Another way is to compute directly the decoupled quasi-acoustic P wave equation. Given constant anisotropic parameters ε and δ, the decoupled equation could be solved with pseudo-spectral algorithm (Etgen and Brandsberg-Dahl, 2009). Therefore, it allows us to take a set of solutions of different constant ε and δ, proceeding with an interpolation scheme, to numerically solve the quasi-P wave with anisotropic parameters that are mildly changing in spatial domain (Chu et al. 2013). For VTI (transverse isotropic with a vertical symmetry axis) media, the interpolation scheme is two dimensional with respect to 249  and δ. But for TTI media, if the symmetrical axis also varies spatially, two additional dimensions are necessary for the interpolation.

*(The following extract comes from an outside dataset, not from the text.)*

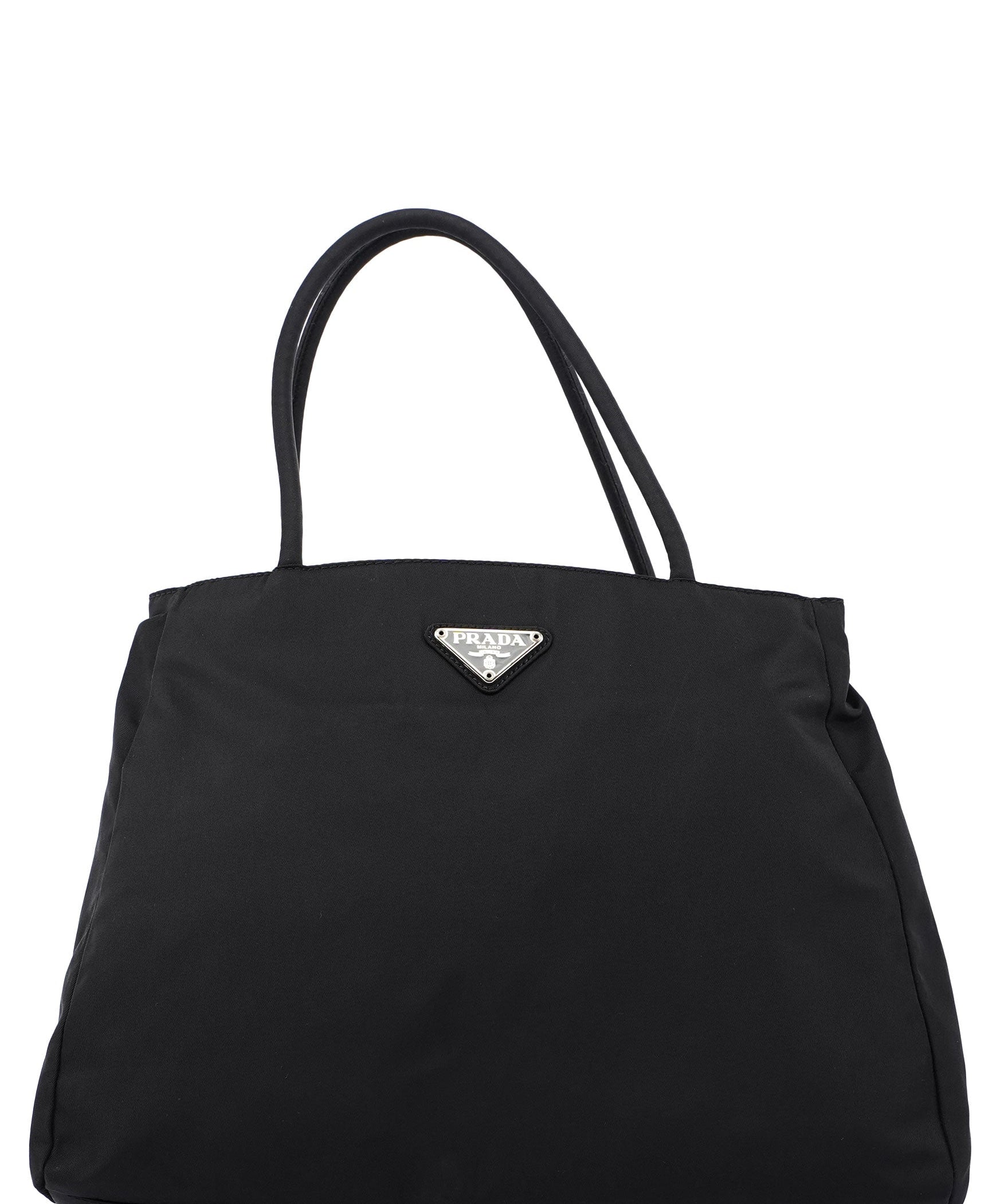 Prada B3864 Black Tessuto City Tote Bag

This pseudo-spectral plus interpolation method may need to compute a huge set of combination of anisotropic parameters and can be very inefficient when it is applied to a very complicated model. When the complexities of the anisotropic model are mild, the decoupled equation may be solved by approximately optimized separable method (Liu et al., 2009), which can be considered as a special case of low rank approximation (Fomel et al., 2012). The computational cost may be lower than pseudo-spectral plus interpolation method, but still very inefficient and inaccurate.